Wiem że inni ludzie mają gorzej, mają choroby, głodują. Czuję się jak ta najgorsza nieudacznica, która od zawsze miała podawane wszystko na tacy, odizolowana, nieporadna, mało bystra. Nie wiem co do znaczy żyć, nie znam ludzi, a kiedy widzę jacy potrafią być to się wielce oburzam. Jestem nadwrażliwa, zawsze gdy usłyszę krytykę załamuję się, denerwuję i utwierdzam się w przekonaniu że jestem do niczego. Nie mam zainteresowań, jestem leniwa, nic nie potrafię, cały dzień potrafię tylko słuchać muzyki i wytwarzać w głowie tylko obraz „zaje*istej” mnie. Denerwuje mnie to że jestem delikatniusia, na wf ruszam się jak frajer, wiecznie dostaję zje*y bo nie potrafię odbić piłki w siatkówce.
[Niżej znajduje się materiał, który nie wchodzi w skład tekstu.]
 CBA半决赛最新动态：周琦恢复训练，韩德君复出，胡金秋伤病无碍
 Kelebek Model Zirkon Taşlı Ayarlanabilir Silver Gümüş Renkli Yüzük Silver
Każda moja cecha jest zła, wszystko co we mnie jest złe, nie takie jakie powinno być. Inna osoba może mieć taką samą cechę (wyglądu lub charakteru) i ja wtedy uważam że u niej to jest fajne, urocze, a we mnie po prostu złe. Miałam kompleksy już od postawówki, próbowałam się zmieniać. W wieku 11 lat urządzałam sobie głodówki, bo chciałam być chuda. Wydawało mi się, że wtedy będę ładniejsza, pewniejsza siebie, będę mieć swobodniejsze ruchy. Teraz wmawiam że anoreksja jest głupotą i nie chudość jest najważniejsza, ale dalej gdzieś w głębi mnie siedzi takie przekonanie. Jestem rozpieszczonym bachorem, czuję że nie dam sobie rady w życiu. Uważam że byłoby lepiej gdybym była dziarska i wyszczekana niż taka jak jestem teraz.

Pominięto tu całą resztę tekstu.